O Alasca serviu de palco para um encontro que pode ser lembrado não pela paz que prometeu, mas pelo prolongamento da guerra que não conseguiu deter

Trump e Putin se cumprimentam em Anchorage, Alasca - 15/08/2025 (Foto: Sputnik/Gavriil Grigorov/Pool via REUTERS)

A reunião entre Donald Trump e Vladimir Putin em Anchorage, no Alasca, prometia ser histórica. E de certo modo foi. Pela primeira vez desde 2022, o presidente russo pisou em solo ocidental, rompendo parte do isolamento que lhe foi imposto após a invasão da Ucrânia. Mas, ao contrário do que Trump vendeu em sua retórica de “grande negociador”, o encontro terminou sem acordo de paz, sem cessar-fogo e com uma vitória simbólica para Putin. A imagem dos dois líderes lado a lado em território americano foi mais eloquente do que qualquer comunicado oficial: Moscou não está mais tão encurralada quanto parecia.

O fracasso em Anchorage revela muito sobre a lógica da guerra e a política internacional atual. Putin chegou com exigências explícitas: o controle pleno de Donetsk e Luhansk em troca de congelar a linha de frente. Trump, que durante meses insistiu em um cessar-fogo imediato, mudou o discurso e agora fala em “paz duradoura”, aceitando na prática a estratégia russa de negociar enquanto avança. Esse recuo não é detalhe semântico. Significa que Washington deixou de condicionar o diálogo a uma interrupção da ofensiva militar russa, oferecendo a Putin mais tempo para consolidar ganhos no campo de batalha.

Não surpreende, portanto, que o Kremlin tenha celebrado. Dmitri Medvedev, ex-presidente (2008-2012) e atual Vice-Presidente do Conselho de Segurança da Rússia, afirmou que “as negociações são possíveis sem condições prévias”, reforçando a narrativa de que Moscou pode falar de igual para igual com os Estados Unidos,  sem precisar prestar contas à Europa. Para Putin, que transformou o tempo em ativo estratégico, cada semana sem cessar-fogo significa novos quilômetros quadrados sob controle russo antes da chegada do inverno.

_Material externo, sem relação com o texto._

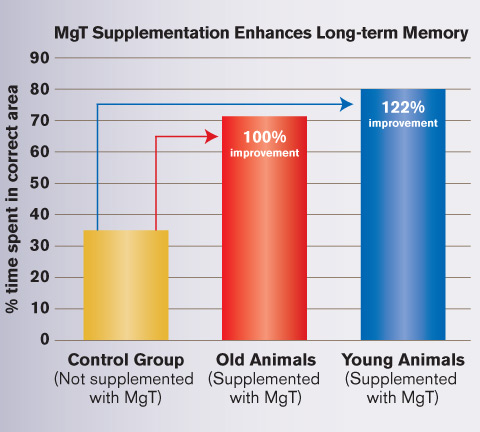 feb2012_Novel-Magnesium-Compound-Reverses-Neurodegeneration_05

A reação europeia expôs fissuras na aliança ocidental. Macron e Ursula von der Leyen, em declaração conjunta, apoiaram os esforços de paz, mas exigiram garantias inabaláveis à Ucrânia. Londres foi mais dura: qualquer cessar-fogo sem salvaguardas de segurança seria apenas uma oportunidade para Putin se rearmar. Ou seja, Trump pode até posar de mediador pragmático, mas na prática arrisca minar a coesão da OTAN, forçando Kiev a aceitar negociações territoriais que já foram rejeitadas repetidas vezes.

Para Zelensky, a situação é quase kafkiana. O presidente ucraniano mantém a retórica da resistência total, mas sabe que dependerá ainda mais dos Estados Unidos para não ser empurrado a um acordo humilhante.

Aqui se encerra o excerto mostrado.